Value-Based Methods¶

Value-based methods learn the optimal action-value function \(Q^*(s,a)\) and derive the policy from it. These methods are particularly effective for discrete action spaces and form the foundation for many practical RL systems.

Q-Learning¶

Q-learning (Watkins, 1989) is the foundational off-policy value-based algorithm. It learns \(Q^*\) using the Bellman optimality equation:

\[ Q(s,a) \leftarrow Q(s,a) + \alpha \left[ r + \gamma \max_{a'} Q(s', a') - Q(s,a) \right] \]

Key properties:

Off-policy: uses \(\max_{a'}\) regardless of which action was actually taken
Tabular: original form stores Q-values in a table (only for small state spaces)
Converges to \(Q^*\) under mild conditions (all state-action pairs visited infinitely often)

DQN (Deep Q-Network)¶

DQN (Mnih et al., 2013, 2015) scaled Q-learning to high-dimensional state spaces (e.g., Atari pixel inputs) by using neural networks as function approximators.

Key Innovations¶

Experience Replay: Store transitions \((s, a, r, s')\) in a replay buffer \(\mathcal{D}\) and sample random minibatches for training. This breaks temporal correlations and improves data efficiency.
Target Network: Maintain a separate target network \(Q_{\theta^-}\) (updated slowly) to stabilize training:

\[ \mathcal{L}(\theta) = \mathbb{E}_{(s,a,r,s') \sim \mathcal{D}} \left[ \left( r + \gamma \max_{a'} Q_{\theta^-}(s', a') - Q_\theta(s, a) \right)^2 \right] \]

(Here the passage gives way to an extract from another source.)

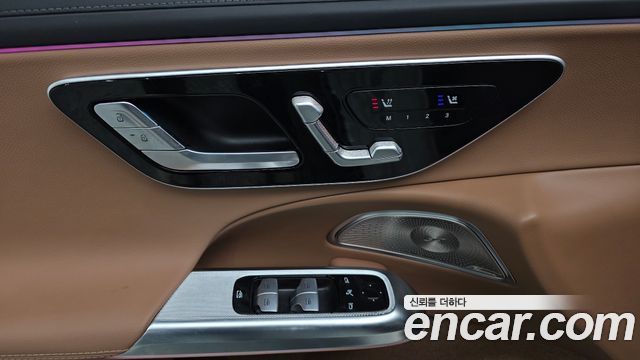 Mercedes-Benz E-Class E300 4MATIC AMG Line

The target network is updated periodically: \(\theta^- \leftarrow \theta\) every \(C\) steps, or via Polyak averaging: \(\theta^- \leftarrow \tau\theta + (1-\tau)\theta^-\).

Known Issues¶

Overestimation bias: The \(\max\) operator tends to overestimate Q-values
Discrete actions only: Cannot directly handle continuous action spaces
Sample inefficiency: Despite replay buffer, still needs millions of frames

Double DQN¶

Double DQN (van Hasselt et al., 2016) addresses overestimation by decoupling action selection from evaluation:

\[ y = r + \gamma Q_{\theta^-}(s', \arg\max_{a'} Q_\theta(s', a')) \]

Instead of using the target network for both selecting and evaluating the best next action, Double DQN:

Selects the best action using the online network \(Q_\theta\)
Evaluates that action using the target network \(Q_{\theta^-}\)

This simple change significantly reduces overestimation.

Dueling DQN¶

Dueling DQN (Wang et al., 2016) modifies the network architecture to separately estimate state value and advantage:

\[ Q_\theta(s,a) = V_\theta(s) + A_\theta(s,a) - \frac{1}{|\mathcal{A}|} \sum_{a'} A_\theta(s,a') \]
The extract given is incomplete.